### Records shown

□ □ □ □

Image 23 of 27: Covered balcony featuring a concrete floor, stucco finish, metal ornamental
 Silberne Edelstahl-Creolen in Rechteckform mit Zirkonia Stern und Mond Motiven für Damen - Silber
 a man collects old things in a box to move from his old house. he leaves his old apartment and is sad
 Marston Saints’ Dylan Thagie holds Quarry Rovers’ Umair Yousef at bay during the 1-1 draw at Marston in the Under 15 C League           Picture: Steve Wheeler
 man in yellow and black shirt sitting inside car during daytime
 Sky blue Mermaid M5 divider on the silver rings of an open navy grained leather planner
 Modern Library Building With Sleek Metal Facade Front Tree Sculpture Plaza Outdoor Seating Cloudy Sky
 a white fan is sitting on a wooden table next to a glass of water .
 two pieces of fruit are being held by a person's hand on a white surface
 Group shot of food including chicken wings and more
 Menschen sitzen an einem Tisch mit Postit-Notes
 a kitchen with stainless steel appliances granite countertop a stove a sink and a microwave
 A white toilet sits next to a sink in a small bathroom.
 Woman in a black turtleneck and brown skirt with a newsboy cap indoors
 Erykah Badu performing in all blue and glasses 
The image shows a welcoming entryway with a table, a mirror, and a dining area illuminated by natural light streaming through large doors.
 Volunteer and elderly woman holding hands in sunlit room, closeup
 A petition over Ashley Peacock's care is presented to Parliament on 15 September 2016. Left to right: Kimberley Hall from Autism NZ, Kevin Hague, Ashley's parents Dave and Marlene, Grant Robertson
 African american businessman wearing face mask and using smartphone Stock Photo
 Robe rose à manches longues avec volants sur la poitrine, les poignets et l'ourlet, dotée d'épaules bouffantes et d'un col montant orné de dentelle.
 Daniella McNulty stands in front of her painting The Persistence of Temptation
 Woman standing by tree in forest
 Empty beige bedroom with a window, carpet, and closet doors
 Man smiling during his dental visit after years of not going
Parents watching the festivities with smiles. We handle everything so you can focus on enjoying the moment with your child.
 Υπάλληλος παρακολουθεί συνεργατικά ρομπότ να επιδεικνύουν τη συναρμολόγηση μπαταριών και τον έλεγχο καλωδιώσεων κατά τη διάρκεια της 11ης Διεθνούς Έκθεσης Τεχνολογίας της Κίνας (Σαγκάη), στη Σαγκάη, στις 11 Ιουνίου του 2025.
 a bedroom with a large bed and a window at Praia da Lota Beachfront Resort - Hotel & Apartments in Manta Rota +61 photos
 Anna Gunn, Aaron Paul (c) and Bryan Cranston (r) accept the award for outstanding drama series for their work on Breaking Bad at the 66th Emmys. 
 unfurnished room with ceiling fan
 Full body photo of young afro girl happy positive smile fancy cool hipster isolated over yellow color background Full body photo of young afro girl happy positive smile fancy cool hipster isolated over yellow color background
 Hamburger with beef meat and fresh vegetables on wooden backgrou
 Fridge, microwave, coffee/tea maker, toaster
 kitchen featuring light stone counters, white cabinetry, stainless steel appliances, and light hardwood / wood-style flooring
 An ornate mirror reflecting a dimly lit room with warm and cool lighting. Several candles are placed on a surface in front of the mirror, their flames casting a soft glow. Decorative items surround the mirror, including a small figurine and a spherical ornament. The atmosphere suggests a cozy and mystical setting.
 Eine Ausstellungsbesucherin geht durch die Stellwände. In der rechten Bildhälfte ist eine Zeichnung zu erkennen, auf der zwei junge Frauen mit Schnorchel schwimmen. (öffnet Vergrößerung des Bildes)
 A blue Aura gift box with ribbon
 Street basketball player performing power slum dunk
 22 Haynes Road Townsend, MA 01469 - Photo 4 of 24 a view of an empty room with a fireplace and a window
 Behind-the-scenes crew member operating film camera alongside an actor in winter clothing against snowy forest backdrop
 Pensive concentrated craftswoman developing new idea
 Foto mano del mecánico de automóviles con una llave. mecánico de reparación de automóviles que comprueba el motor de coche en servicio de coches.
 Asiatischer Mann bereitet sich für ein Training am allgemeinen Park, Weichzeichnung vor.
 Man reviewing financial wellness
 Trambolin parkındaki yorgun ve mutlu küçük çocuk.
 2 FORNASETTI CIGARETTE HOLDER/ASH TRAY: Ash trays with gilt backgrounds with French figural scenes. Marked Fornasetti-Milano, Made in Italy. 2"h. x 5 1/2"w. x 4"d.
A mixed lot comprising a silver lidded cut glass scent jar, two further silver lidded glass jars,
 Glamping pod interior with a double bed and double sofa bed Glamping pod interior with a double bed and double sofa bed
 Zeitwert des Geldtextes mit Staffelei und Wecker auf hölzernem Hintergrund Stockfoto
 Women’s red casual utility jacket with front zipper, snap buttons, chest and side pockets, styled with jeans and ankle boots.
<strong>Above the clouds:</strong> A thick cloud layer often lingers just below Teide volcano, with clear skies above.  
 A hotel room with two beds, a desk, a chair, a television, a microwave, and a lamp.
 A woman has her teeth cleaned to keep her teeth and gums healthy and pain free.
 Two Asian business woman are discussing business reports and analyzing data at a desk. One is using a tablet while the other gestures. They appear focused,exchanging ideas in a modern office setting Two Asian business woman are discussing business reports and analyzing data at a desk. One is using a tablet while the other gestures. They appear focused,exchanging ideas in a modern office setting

□ □ □ □

### What needs to be done
Transcribe the lines from the first line of the records through the line that contains "man in yellow", both included, and add nothing else.

### Task result
Image 23 of 27: Covered balcony featuring a concrete floor, stucco finish, metal ornamental
 Silberne Edelstahl-Creolen in Rechteckform mit Zirkonia Stern und Mond Motiven für Damen - Silber
 a man collects old things in a box to move from his old house. he leaves his old apartment and is sad
 Marston Saints’ Dylan Thagie holds Quarry Rovers’ Umair Yousef at bay during the 1-1 draw at Marston in the Under 15 C League           Picture: Steve Wheeler
 man in yellow and black shirt sitting inside car during daytime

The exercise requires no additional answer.